Segment Open

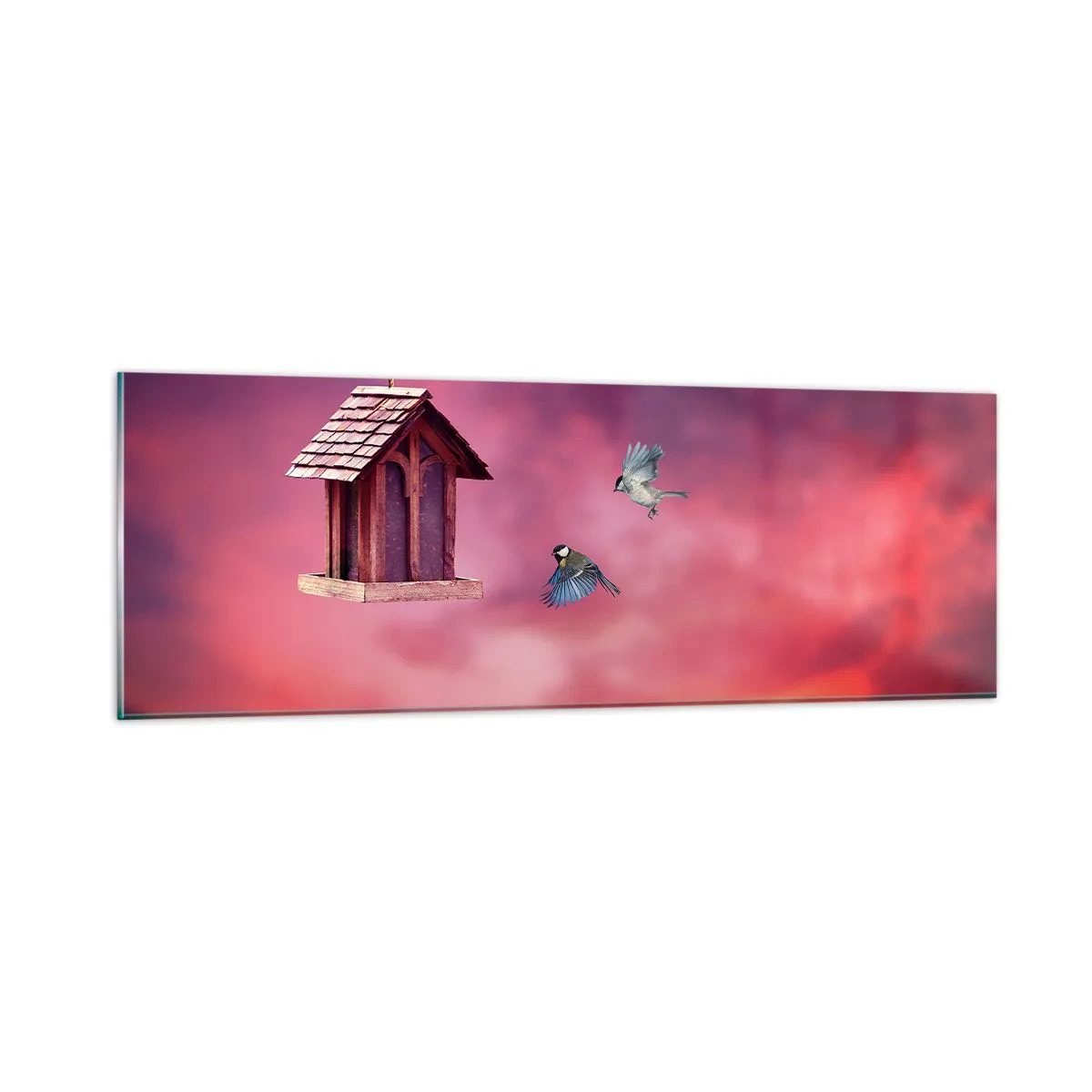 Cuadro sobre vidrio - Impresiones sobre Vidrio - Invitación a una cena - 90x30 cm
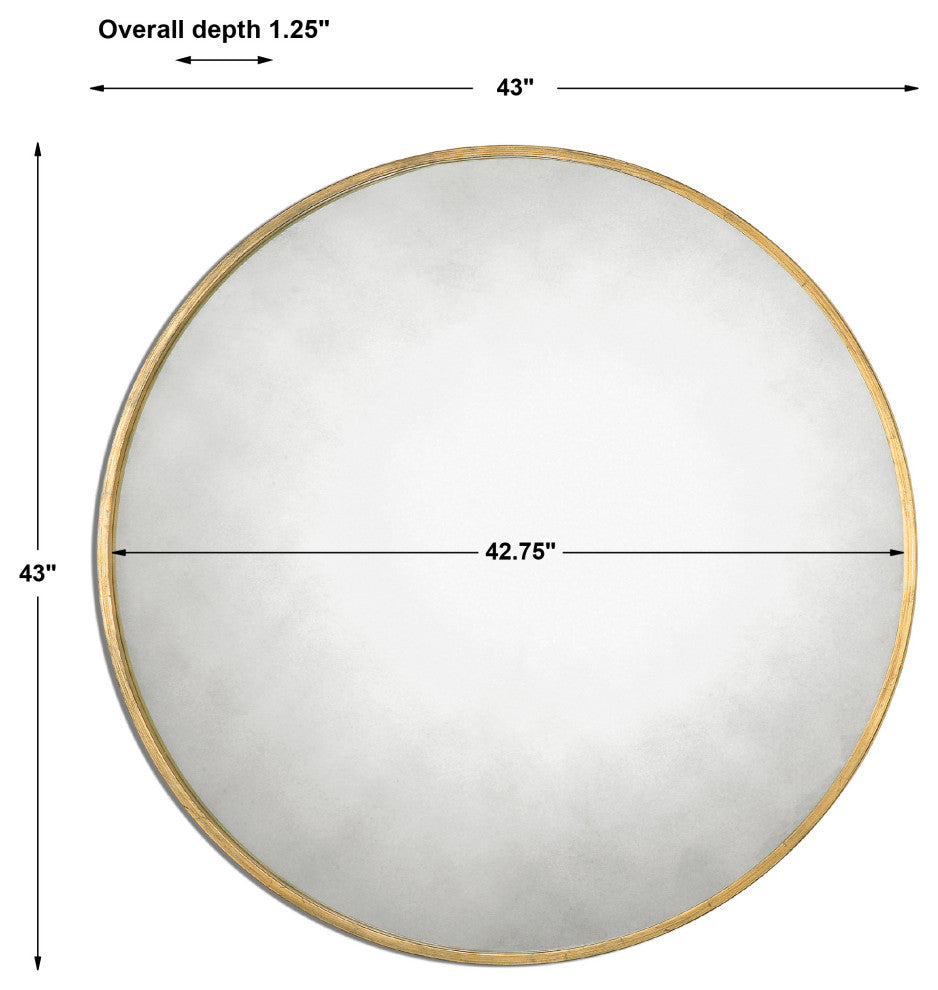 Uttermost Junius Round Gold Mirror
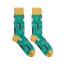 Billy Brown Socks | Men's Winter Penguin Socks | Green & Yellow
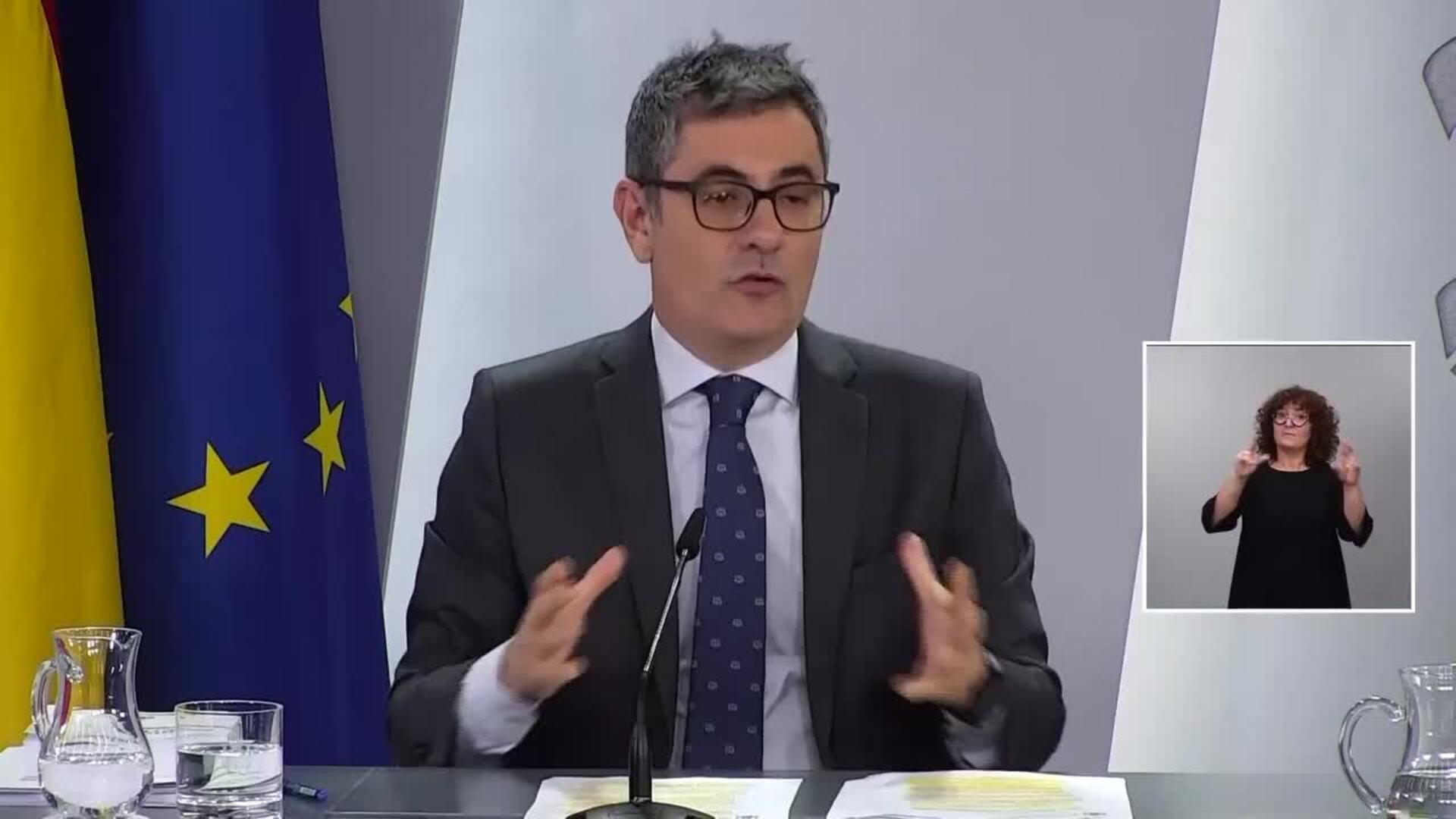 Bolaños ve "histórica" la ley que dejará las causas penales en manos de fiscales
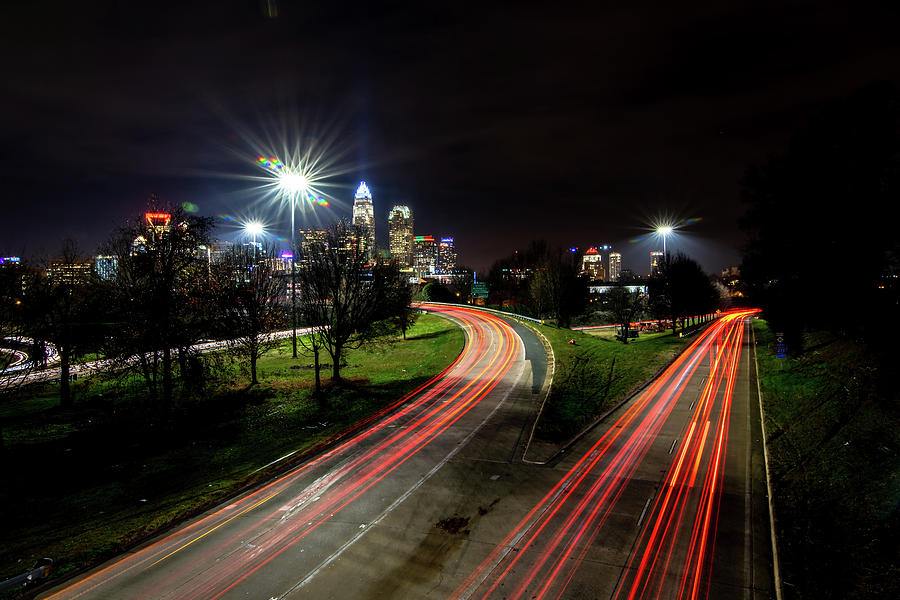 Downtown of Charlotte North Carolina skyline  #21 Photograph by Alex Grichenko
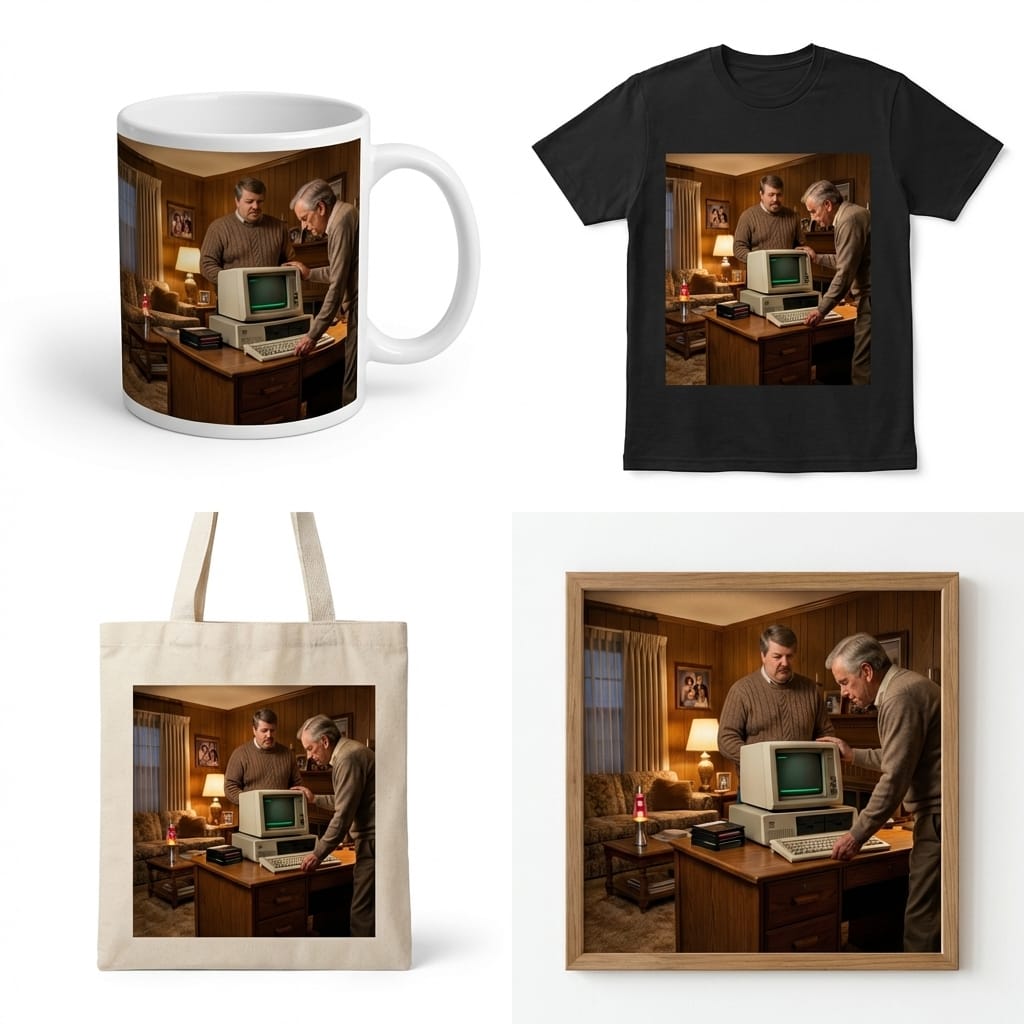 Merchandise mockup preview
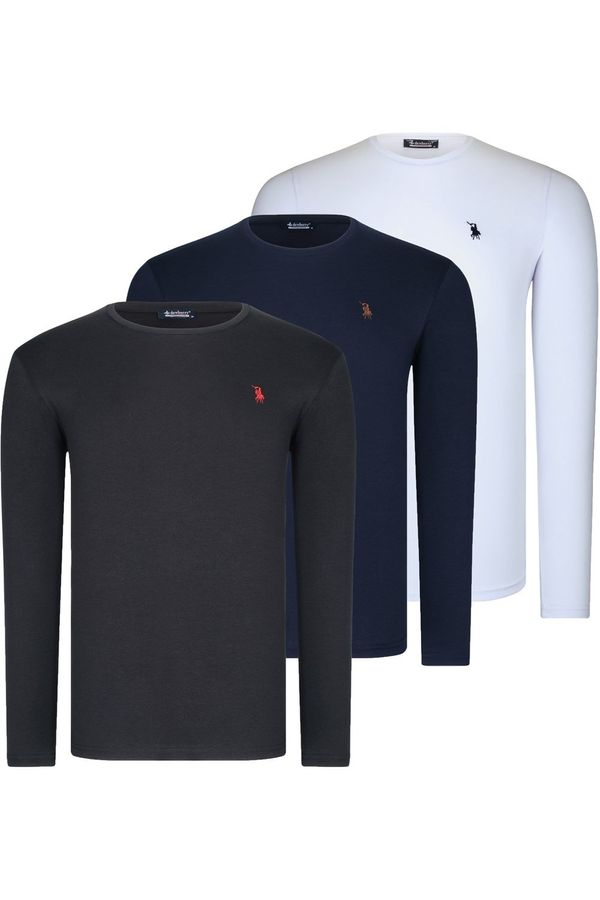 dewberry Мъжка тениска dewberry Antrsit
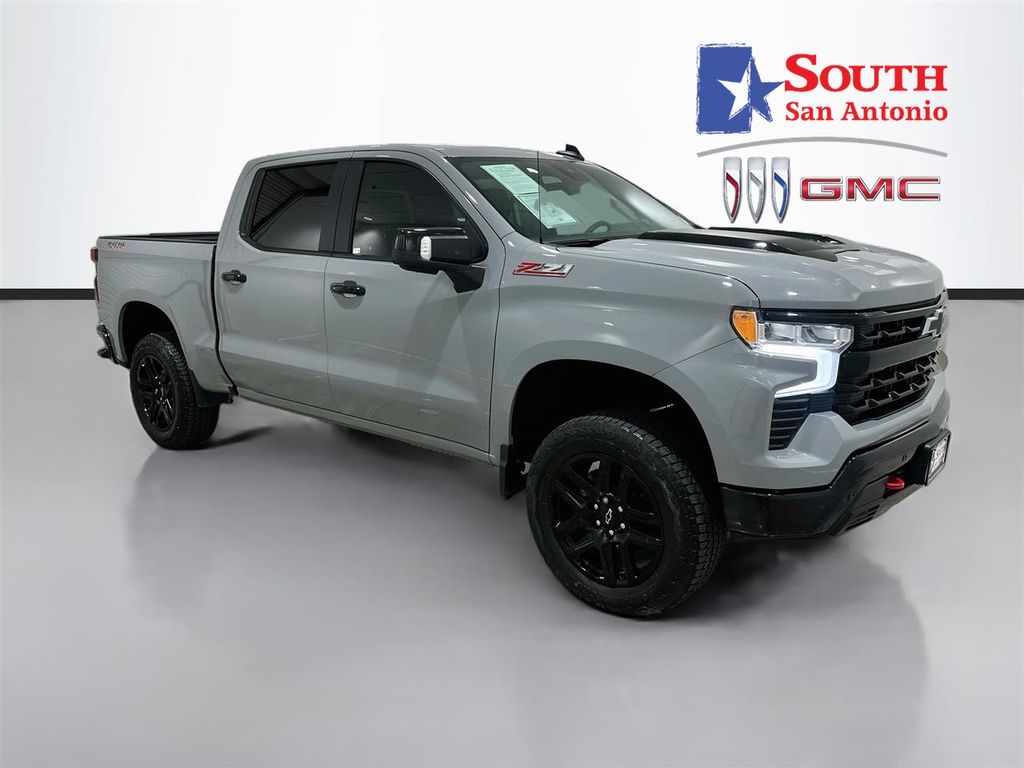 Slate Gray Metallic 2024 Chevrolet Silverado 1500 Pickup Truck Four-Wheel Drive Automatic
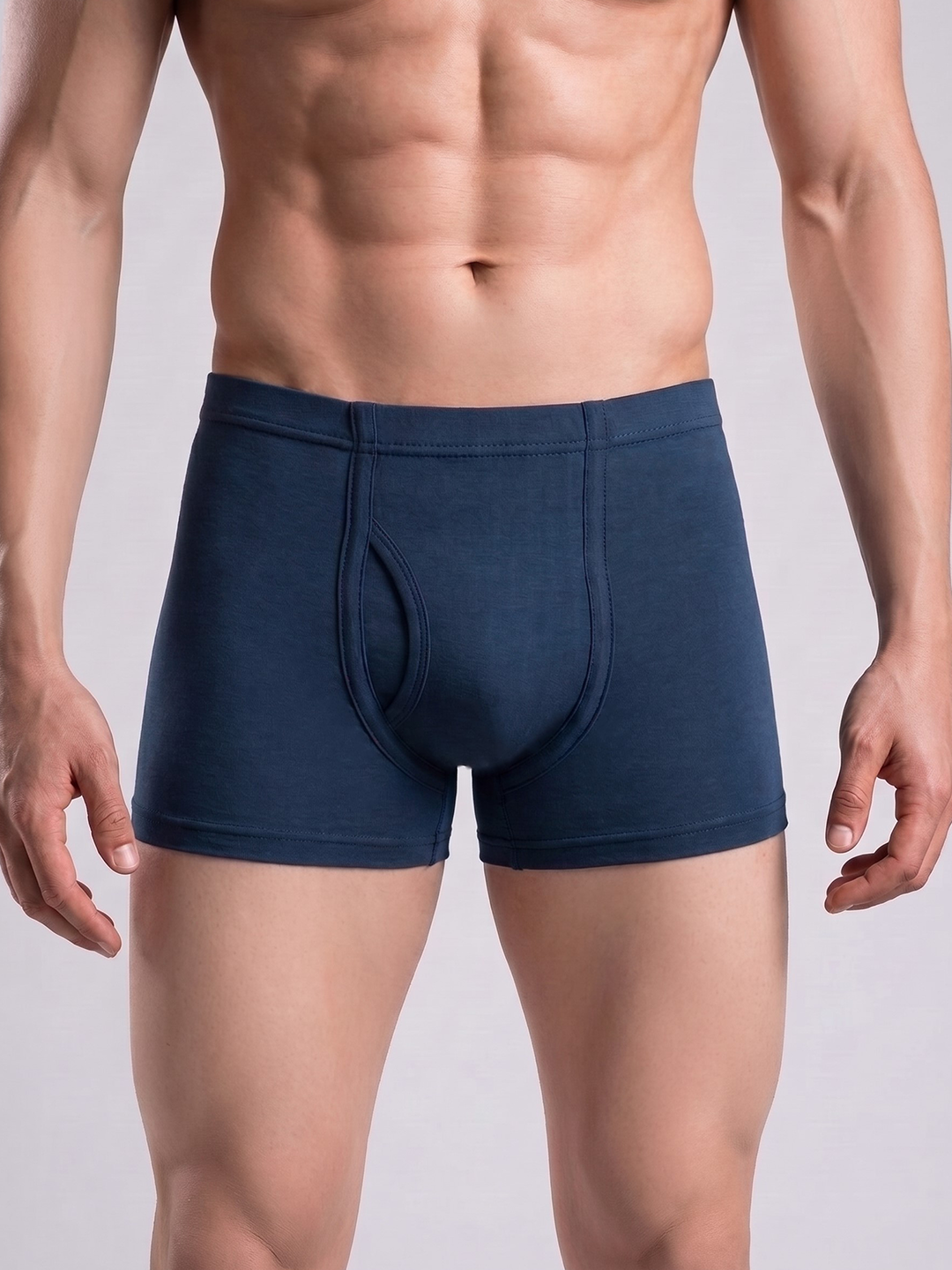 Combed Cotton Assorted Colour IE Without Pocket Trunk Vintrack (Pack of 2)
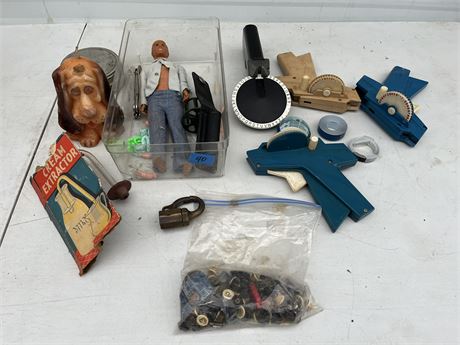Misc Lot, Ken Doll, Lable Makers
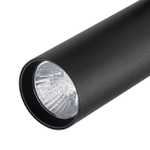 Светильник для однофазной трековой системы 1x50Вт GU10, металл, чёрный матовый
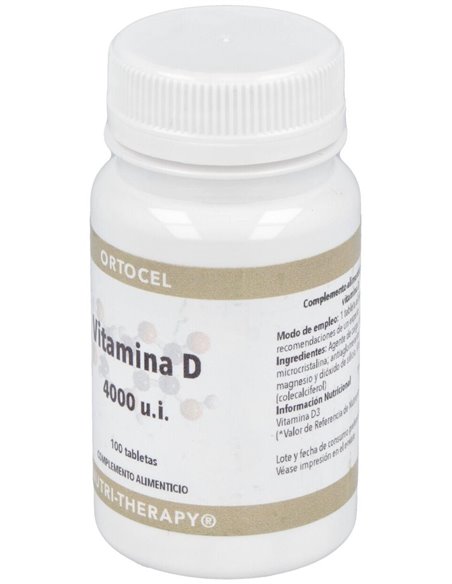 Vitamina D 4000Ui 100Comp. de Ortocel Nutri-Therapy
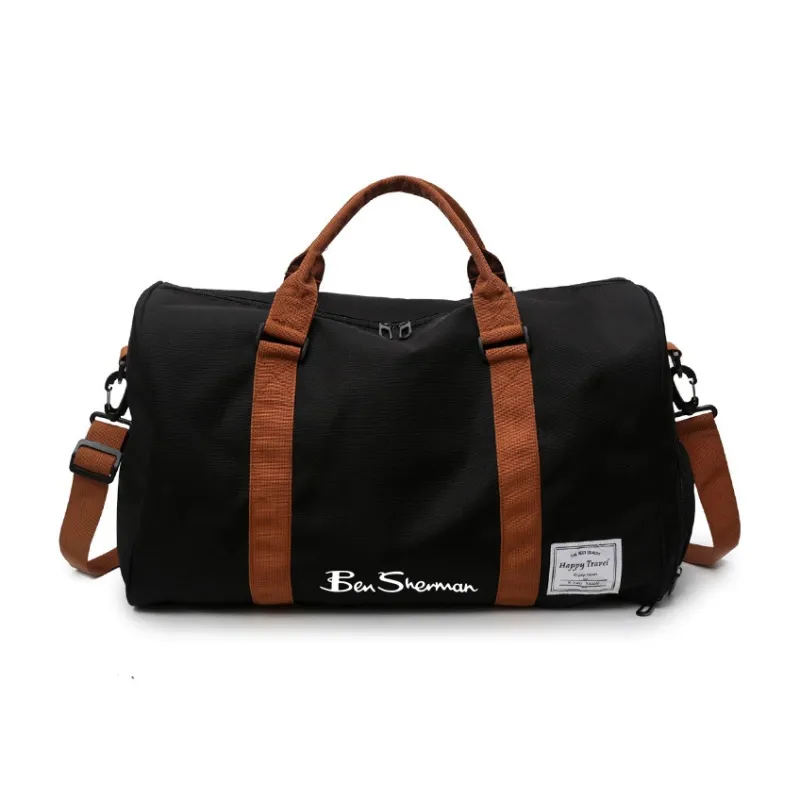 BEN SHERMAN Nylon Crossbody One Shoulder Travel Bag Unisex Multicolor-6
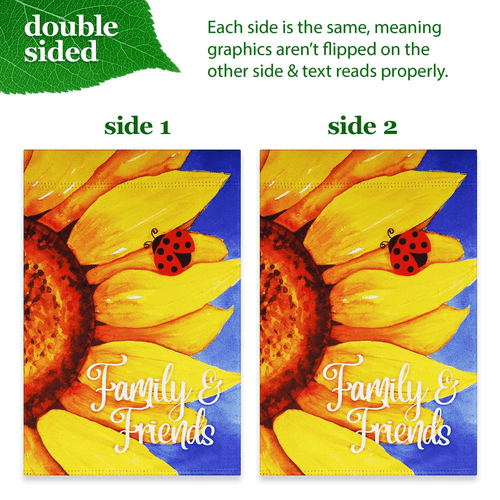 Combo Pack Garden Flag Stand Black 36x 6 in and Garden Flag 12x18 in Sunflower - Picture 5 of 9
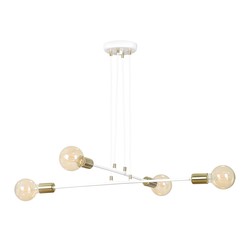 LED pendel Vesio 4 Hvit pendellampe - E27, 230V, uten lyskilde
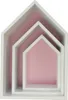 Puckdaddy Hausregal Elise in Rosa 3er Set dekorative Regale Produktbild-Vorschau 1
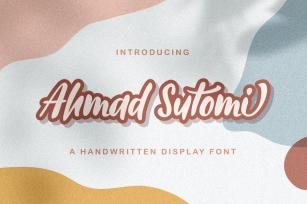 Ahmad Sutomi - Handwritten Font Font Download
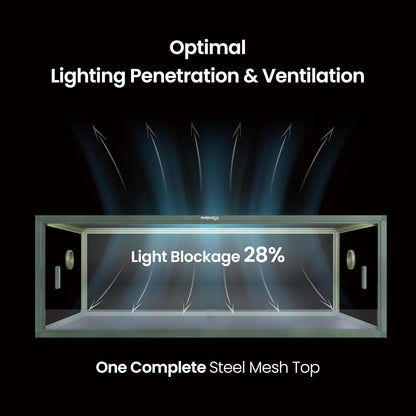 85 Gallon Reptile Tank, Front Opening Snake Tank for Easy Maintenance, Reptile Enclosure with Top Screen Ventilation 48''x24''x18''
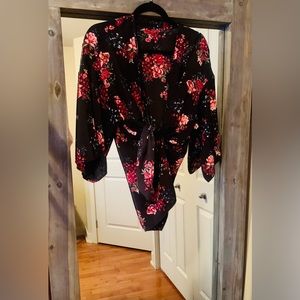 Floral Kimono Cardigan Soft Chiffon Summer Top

Segment Closed

» Assignment: How would the lines above read from the one with "manos de fiscales" to the one with "Slate Gray Metallic", inclusive, with no pictures? Write them out exactly.

» Expected answer:
 Bolaños ve "histórica" la ley que dejará las causas penales en manos de fiscales
 Downtown of Charlotte North Carolina skyline  #21 Photograph by Alex Grichenko
 Merchandise mockup preview
 dewberry Мъжка тениска dewberry Antrsit
 Slate Gray Metallic 2024 Chevrolet Silverado 1500 Pickup Truck Four-Wheel Drive Automatic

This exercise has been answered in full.